As part of its climate and nature plan 2024-2025, the European Central Bank (ECB) announced on Tuesday 30 January that it will be stepping up its work on nature and climate change, identifying three main areas.
Firstly, the ECB will extend its work on the consequences of climate change on the economy, in particular, the transition costs and investment needs that these phenomena entail. The ECB announces that it will also study, within the framework of its mandate, “the case for further changes to its monetary policy instruments and portfolios in view of this transition”.
Secondly, the ECB will focus its efforts on the growing physical impact of climate change on the economy and the financial sector. It will also be looking more closely at the effects of measures to adapt to rising temperatures, the cost of not adapting, the investment needed for the transition and the shortfall in insurance protection.
Finally, the ECB intends to focus on the risks arising from the degradation of nature and the loss of nature and biodiversity, the impact of this degradation on the economy and the financial system and, consequently, on its own work. This last point had already been the subject of work by the ECB (see EUROPE 13294/26, 13316/17).

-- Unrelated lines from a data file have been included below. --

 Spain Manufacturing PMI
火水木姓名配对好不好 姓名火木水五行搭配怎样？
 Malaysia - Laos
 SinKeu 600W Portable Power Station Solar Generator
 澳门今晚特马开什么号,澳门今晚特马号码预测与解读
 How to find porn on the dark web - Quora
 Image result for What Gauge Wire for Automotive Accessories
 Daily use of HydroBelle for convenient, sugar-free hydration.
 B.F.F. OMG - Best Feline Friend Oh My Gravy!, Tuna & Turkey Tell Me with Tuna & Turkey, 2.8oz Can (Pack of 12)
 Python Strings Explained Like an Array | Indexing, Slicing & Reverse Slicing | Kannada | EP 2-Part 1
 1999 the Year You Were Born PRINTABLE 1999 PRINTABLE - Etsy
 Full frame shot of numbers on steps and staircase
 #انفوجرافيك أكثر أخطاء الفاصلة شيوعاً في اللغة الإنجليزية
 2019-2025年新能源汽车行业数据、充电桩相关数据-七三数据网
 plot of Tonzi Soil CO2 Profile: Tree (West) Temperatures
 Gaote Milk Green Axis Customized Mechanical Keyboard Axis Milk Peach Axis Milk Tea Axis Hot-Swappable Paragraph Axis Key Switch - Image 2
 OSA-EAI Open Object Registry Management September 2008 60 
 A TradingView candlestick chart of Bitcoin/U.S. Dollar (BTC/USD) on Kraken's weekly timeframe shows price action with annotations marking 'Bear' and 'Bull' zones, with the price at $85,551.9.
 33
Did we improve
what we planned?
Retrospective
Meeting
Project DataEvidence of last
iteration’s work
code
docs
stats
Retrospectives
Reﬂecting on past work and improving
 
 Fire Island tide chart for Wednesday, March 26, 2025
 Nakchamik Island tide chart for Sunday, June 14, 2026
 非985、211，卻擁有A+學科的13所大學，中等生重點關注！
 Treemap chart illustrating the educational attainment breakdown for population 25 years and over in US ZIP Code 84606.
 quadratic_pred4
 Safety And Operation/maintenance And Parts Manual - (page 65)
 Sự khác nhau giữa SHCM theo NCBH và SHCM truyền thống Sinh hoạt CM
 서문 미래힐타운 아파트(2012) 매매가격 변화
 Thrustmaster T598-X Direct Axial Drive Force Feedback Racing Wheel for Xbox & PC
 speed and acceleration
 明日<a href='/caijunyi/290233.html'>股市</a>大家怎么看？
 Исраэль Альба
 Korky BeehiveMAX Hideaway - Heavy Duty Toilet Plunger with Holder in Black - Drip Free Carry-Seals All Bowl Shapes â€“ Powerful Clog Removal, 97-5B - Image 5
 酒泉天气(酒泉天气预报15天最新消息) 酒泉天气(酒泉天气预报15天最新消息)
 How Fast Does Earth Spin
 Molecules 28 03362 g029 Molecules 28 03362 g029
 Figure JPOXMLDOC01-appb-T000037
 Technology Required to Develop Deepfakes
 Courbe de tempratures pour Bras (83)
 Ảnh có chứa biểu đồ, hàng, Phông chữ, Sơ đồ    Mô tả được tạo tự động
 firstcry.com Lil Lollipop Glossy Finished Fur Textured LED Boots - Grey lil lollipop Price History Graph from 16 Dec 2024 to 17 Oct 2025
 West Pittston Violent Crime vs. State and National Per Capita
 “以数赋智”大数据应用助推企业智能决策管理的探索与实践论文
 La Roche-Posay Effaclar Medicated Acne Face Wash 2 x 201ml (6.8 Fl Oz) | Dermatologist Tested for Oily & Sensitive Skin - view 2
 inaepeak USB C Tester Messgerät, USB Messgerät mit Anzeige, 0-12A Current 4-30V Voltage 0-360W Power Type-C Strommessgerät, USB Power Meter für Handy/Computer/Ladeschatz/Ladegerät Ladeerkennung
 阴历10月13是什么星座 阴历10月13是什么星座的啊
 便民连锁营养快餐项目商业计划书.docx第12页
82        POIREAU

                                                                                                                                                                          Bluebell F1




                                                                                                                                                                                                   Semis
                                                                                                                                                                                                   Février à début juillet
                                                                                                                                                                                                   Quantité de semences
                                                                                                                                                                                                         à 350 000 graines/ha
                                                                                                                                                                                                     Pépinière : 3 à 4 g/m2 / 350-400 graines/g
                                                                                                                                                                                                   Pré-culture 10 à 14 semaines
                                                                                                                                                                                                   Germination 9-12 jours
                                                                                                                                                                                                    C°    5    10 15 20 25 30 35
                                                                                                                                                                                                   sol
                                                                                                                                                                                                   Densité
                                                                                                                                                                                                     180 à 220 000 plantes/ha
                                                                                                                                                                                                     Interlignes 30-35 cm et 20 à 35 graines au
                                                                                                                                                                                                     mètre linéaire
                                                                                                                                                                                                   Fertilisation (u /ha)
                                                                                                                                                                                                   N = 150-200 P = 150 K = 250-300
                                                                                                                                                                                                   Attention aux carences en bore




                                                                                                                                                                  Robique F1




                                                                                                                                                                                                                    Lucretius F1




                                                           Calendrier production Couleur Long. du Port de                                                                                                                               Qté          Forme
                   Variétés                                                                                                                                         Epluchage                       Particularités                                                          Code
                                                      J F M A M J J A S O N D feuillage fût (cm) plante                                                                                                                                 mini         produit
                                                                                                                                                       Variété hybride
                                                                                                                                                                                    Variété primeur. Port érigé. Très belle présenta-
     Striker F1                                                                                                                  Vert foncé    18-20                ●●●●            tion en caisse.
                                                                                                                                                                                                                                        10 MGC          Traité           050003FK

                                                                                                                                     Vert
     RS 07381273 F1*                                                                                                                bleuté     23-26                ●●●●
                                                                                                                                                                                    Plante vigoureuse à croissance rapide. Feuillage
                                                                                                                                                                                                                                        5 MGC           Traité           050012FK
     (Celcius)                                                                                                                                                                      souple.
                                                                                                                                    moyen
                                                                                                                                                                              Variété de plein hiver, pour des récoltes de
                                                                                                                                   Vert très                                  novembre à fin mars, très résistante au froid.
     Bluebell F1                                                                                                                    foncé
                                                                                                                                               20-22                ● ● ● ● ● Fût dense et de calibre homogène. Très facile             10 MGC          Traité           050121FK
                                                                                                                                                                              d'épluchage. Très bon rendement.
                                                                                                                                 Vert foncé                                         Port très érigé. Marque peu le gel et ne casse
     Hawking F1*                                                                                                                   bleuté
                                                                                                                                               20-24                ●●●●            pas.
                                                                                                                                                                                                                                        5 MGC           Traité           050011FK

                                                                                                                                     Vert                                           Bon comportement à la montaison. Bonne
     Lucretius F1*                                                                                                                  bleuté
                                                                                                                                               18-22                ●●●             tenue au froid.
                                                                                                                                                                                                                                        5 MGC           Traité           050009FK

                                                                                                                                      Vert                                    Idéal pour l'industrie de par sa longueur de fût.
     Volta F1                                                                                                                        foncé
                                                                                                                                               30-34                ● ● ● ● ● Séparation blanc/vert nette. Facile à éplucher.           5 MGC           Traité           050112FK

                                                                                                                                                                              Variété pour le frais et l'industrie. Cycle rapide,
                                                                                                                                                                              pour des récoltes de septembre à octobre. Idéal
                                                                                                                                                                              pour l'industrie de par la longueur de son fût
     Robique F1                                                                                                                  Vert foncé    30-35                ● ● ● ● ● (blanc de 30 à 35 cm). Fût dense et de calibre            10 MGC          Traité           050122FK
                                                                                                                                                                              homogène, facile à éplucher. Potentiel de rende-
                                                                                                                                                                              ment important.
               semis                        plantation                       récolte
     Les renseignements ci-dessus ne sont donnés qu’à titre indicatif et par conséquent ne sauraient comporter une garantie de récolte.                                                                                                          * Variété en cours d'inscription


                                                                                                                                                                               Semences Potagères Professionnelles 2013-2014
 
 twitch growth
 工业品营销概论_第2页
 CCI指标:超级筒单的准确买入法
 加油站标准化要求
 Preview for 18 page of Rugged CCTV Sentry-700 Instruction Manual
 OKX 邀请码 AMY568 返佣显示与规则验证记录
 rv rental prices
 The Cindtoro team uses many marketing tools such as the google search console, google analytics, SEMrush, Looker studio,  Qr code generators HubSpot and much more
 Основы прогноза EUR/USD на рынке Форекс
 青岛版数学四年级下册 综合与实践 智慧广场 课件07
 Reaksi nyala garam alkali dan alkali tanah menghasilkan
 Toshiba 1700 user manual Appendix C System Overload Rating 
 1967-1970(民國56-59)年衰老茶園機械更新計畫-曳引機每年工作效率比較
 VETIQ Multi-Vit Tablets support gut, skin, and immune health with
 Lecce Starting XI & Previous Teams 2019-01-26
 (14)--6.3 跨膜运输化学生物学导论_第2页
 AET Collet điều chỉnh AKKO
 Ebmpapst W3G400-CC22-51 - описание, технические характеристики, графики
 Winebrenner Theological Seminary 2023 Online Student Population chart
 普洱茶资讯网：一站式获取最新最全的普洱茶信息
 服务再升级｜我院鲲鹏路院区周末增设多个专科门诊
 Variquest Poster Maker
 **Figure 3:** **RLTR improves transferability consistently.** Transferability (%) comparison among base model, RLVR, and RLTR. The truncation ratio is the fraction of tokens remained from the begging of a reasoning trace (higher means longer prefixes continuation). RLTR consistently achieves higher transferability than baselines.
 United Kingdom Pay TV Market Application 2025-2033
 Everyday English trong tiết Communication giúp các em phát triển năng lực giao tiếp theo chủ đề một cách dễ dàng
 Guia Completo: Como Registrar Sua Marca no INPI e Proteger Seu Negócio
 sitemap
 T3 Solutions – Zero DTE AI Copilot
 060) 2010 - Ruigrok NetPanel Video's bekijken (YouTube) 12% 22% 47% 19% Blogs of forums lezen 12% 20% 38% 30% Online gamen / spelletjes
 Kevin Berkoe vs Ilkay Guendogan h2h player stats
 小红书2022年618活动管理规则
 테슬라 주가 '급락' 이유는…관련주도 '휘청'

In addition, the institution will be launching work on its own operations and will be launching its eighth environmental management programme to support the achievement of its 2030 CO2 emissions reduction targets.
The ECB notes that, without prejudice to its primary objective of price stability, it must support the general economic policies of the EU with a view to contributing to a high level of environmental protection.
In addition, following the review of its strategy in 2021, the ECB introduced elements relating to climate change into its monetary policy framework.